# R15 Remote code



## codespy (Mar 30, 2006)

Does anyone have a R15 remote code to operate a Magnavox 17MD255V/17 TV?

This is a 17" LCD HDTV with built in DVD player. I have searched to no avail, and the 2 codes supplied by DTV do not work. Thanks in advance.


----------



## Earl Bonovich (Nov 15, 2005)

You may want to check www.remotecentral.com


----------



## Edmund (Apr 17, 2003)

There is no codes for the newer magnavox tv's, but yours being a combo you might catch a break. Do a codesearch on either AV1 or AV2 for DVD/VCR codes, like so:

1. AV1 or AV2
2. press and hold MUT & SELECT for two blinks
3. enter 9-9-1, wait for two blinks
4. enter 2
5. keep pressing and releasing the CH UP key, if and when the TV goes off
6. press SELECT to lock the code in.

To get the vol commands:

1. AV1 or AV2, whichever you used above
2. press and hold MUTE & SELECT for two blinks
3. enter 9-9-3
4. press SELECT


----------



## DMH3 (May 30, 2007)

Anyone have code suggestions for AKAI 26" DVD/LCD combo -- codes on the D12 box do not work.

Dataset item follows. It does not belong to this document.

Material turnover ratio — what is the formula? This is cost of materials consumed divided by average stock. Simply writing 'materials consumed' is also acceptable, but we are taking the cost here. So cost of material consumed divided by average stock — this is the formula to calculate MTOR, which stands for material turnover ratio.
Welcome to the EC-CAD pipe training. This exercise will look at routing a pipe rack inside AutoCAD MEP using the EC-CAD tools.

Alternately, is there a 3-digit code for the D12 unit I can plug into the AKAI remote?


----------



## dodge boy (Mar 31, 2006)

DMH3 said:


> Anyone have code suggestions for AKAI 26" DVD/LCD combo -- codes on the D12 box do not work.
> 
> Alternately, is there a 3-digit code for the D12 unit I can plug into the AKAI remote?

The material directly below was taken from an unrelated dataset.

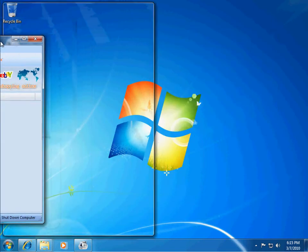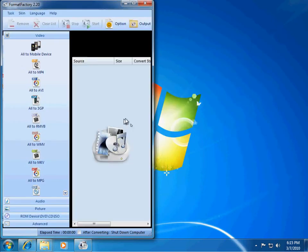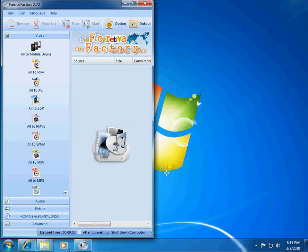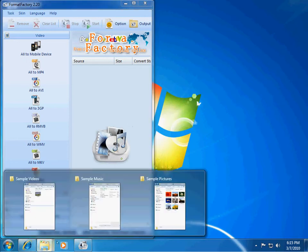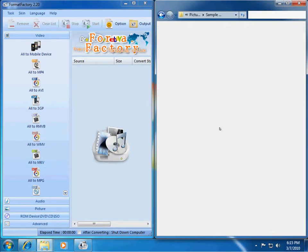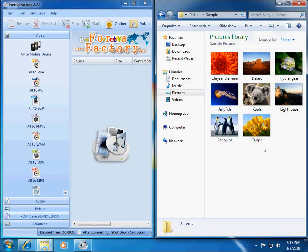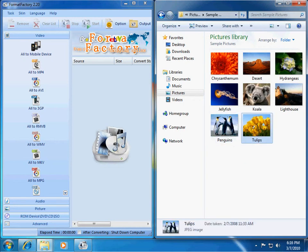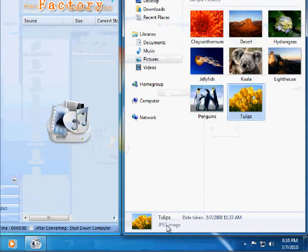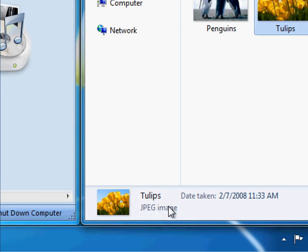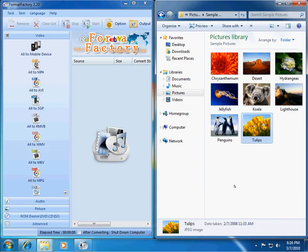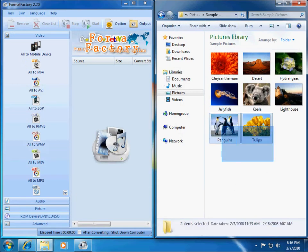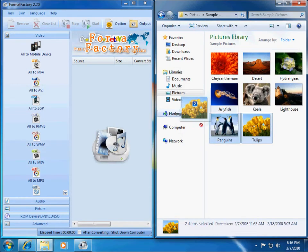I'm just going to drag this over here. And then I will open up a folder of, let's say, I want to convert some pictures. So, let's say I want to take these two pictures, and right now they are JPEG images, as you can see right down here. That's a JPEG image.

Combo units are the worst..... really, you might want to try the codes for the DVD player, it will work the power but not volume......


----------



## Edmund (Apr 17, 2003)

I suggest a codesearch of dvd codes on either av1 or av2 devices, but not for power, search by vol instead. With tv on:


1. av1 or av2
2. press and hold MUTE & SELECT for two blinks
3. enter 9 9 1, wait for two blinks
4. enter 2
5. press and release VOL UP
6. keep pressing and releasng CH UP key, if and when the volume changes
7. press SELECT to lock in code

To punch through vol to all devices;

1. av1 or av2
2. press and hold MUTE & SELECT for two blinks
3. enter 9 9 3
4. press SELECT


----------



## jadamz (Aug 9, 2007)

How about a Zenith DVD/VCR combo with built in surround sound? Codes on screen don't work and if I could get AV1 or AV2 to control just the volume on the unit I'd be happy. Same as above...?



> 1. av1 or av2
> 2. press and hold MUTE & SELECT for two blinks
> 3. enter 9 9 1, wait for two blinks
> 4. enter 2
> ...


----------



## Edmund (Apr 17, 2003)

All I can suggest is to upgrade to the rc64 from directv.com. Then try dvd, vcr, and aud codes. 

To get the volume from av1 or av2 device, first there has to be a tv code programmed to the tv device or the volume keys won't work, then do one of the following:

1. av1 or av2
2. press and hold MUTE & SELECT for two blinks
3. enter 9 9 3
4. press VOL UP , know the volume only works in the av1 or av2 device, if you wish the volume in devices:

1. av1 or av2
2. press and hold MUTE & SELECT for two blinks
3. enter 9 9 3
4. press SELECT


----------